* ACTION ITEM *
Begin your copy at the line with "Let's look at" in the records below and end it at the line with "Add the folder", restating each line word for word; omit the pictures.

* MATERIAL TO PROCESS *
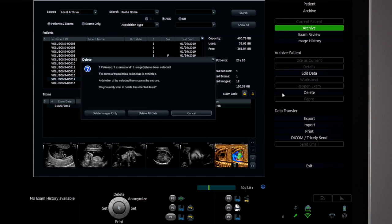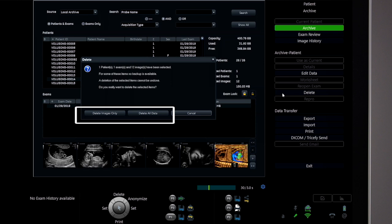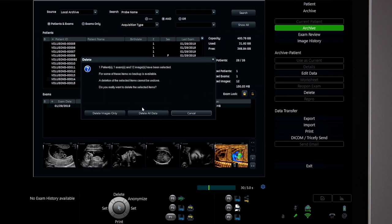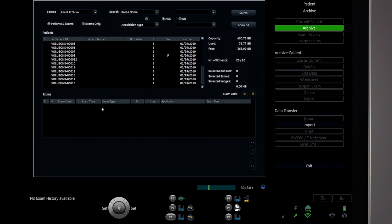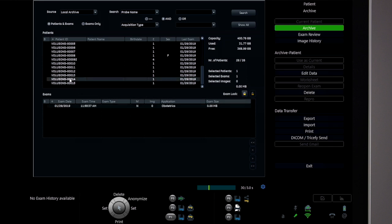When Delete is chosen, a dialog box will appear to delete images only or to delete all data. Choosing Delete images only will do just that — all images will be removed from the hard drive, but the patient name and any measurement data will be retained. This is useful if there is a plan to scan the same patient in the future.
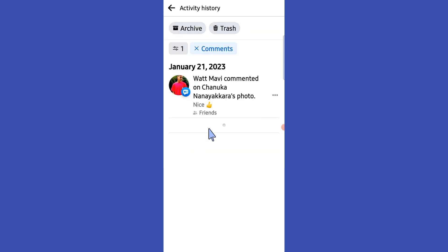Here we can see our comments on Facebook. Hope this video was helpful for you guys — see you in the next video.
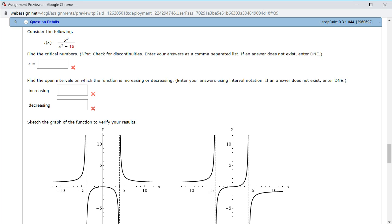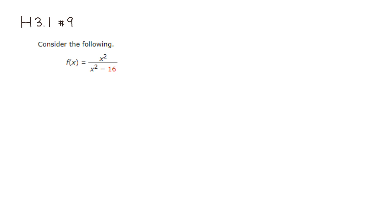Let's look at homework 3.1, problem number 9. So I have this rational function and we want to find the critical numbers for the first part. To find a critical number we need to find the derivative.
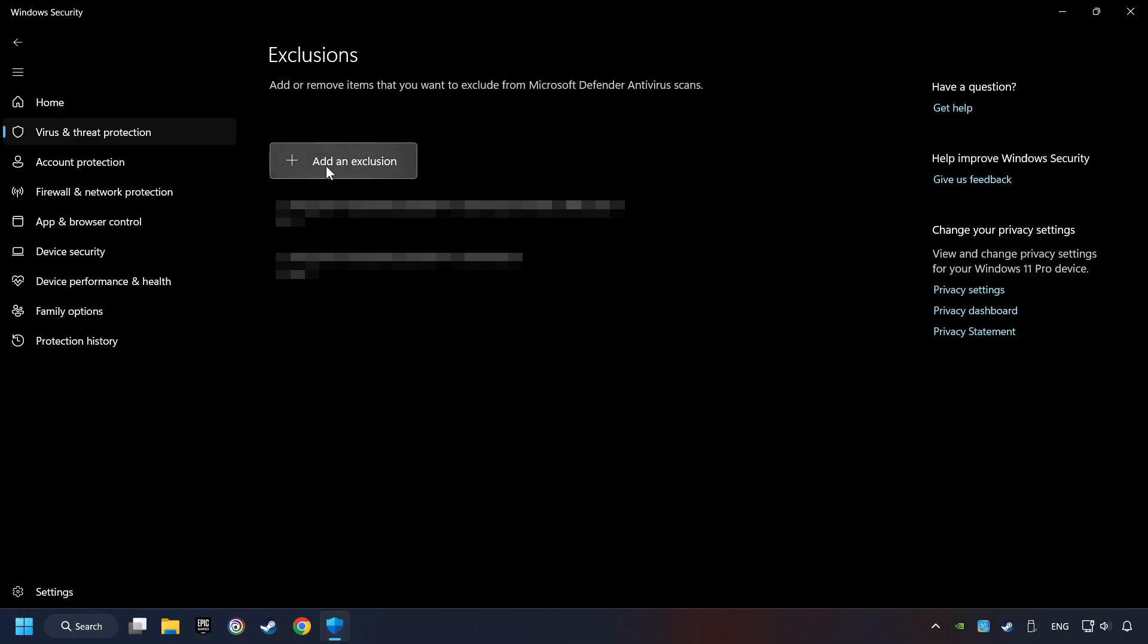Add the folder of the game by clicking on the Add an Exclusion button. And try to start the game.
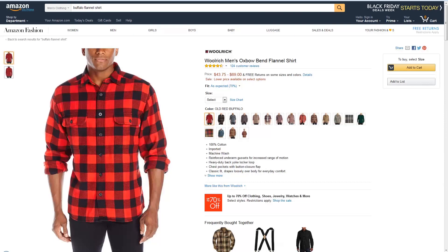Your product image is one of the first things customers see when visiting your detail page. Images are essential and need to be formatted consistently so customers can easily compare product size, fit, color, and texture. Listings with missing images may be suppressed from the site, resulting in missed sales opportunities. Amazon.com can display several images for each product in the catalog, so it's in your best interest to provide several high-resolution images so customers can make informed buying decisions.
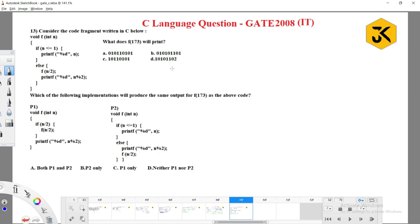Let's see one of the GATE questions which was asked in the year 2008 IT paper. Consider the code fragment written in C below — they have given a few lines of code in the form of a function called f, taking a parameter of type integer.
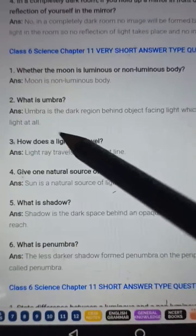Question number three: How does a light ray travel? Answer: A light ray travels in a straight line.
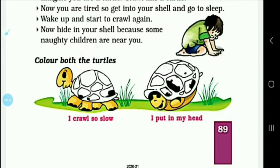Here are two sentences. Here is a crawl. I am saying that I am very slowly crawling. I put my head down, and I have hidden my head in the shell. These are the two sentences.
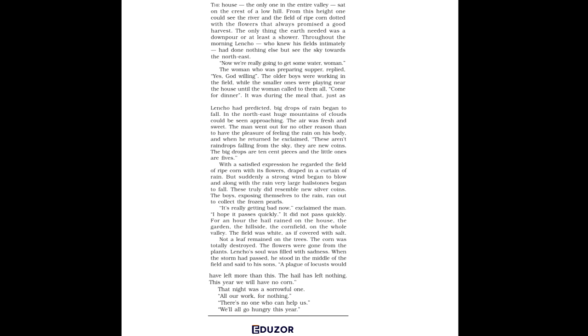Lencho was a man of faith, so he wasn't surprised to see the money. However, he was angry when he counted the money. Immediately, he asked for ink and paper. He sat at the writing table and slowly wrote a letter. It looked like he was having trouble expressing his thoughts on paper.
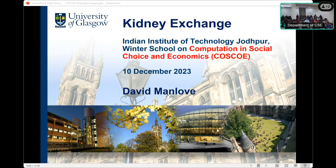It is my honor and privilege to introduce Professor David Manlove to a winter school on computation, social choice and economics, with a focus on matching under preferences. David is a professor at the University of Glasgow. He doesn't need any introduction among researchers on matching under preferences, having written a very well and highly cited book entitled Algorithmics of Matchings Under Preferences — it's there on the board.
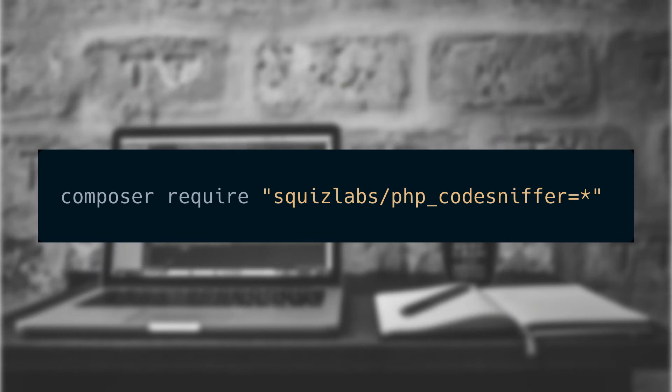We actually prefer installing them using the composer package into just our project, because then it will be installed for anyone working on that project and will be at the same version.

* WRITTEN ANSWER *
Let's look at homework 3.1, problem number 9. So I have this rational function and we want to find the critical numbers for the first part. To find a critical number we need to find the derivative.
Add the folder of the game by clicking on the Add an Exclusion button. And try to start the game.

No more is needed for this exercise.